*** Opening of Data provided ***
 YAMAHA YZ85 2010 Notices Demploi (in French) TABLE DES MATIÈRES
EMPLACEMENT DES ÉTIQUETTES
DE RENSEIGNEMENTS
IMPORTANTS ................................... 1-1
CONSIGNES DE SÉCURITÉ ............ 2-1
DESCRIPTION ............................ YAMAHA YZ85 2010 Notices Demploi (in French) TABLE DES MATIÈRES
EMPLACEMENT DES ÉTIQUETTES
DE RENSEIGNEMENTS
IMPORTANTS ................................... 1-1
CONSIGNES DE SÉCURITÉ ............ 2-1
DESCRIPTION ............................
*** Close of Data provided ***
*** Opening of Data provided ***
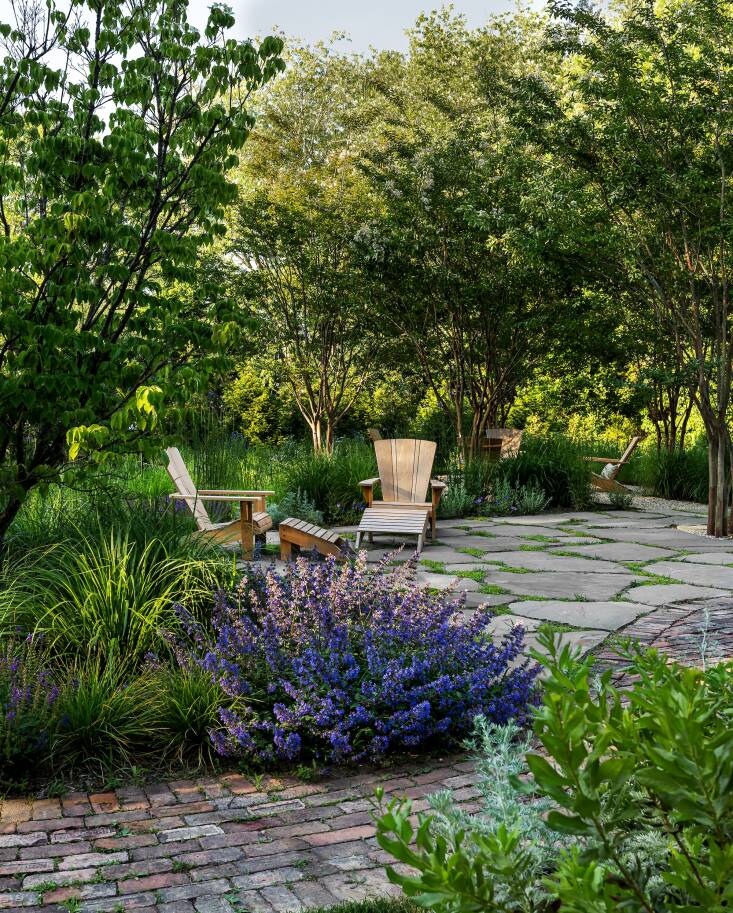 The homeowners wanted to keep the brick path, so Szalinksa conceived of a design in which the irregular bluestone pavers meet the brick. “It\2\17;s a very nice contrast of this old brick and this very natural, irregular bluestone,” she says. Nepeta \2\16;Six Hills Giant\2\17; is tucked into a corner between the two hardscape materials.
*** Close of Data provided ***
* _Problem_:
The lines to return are those in the records above that hold the word "DESCRIPTION".

* _Response area_:
DESCRIPTION ............................ YAMAHA YZ85 2010 Notices Demploi (in French) TABLE DES MATIÈRES
DESCRIPTION ............................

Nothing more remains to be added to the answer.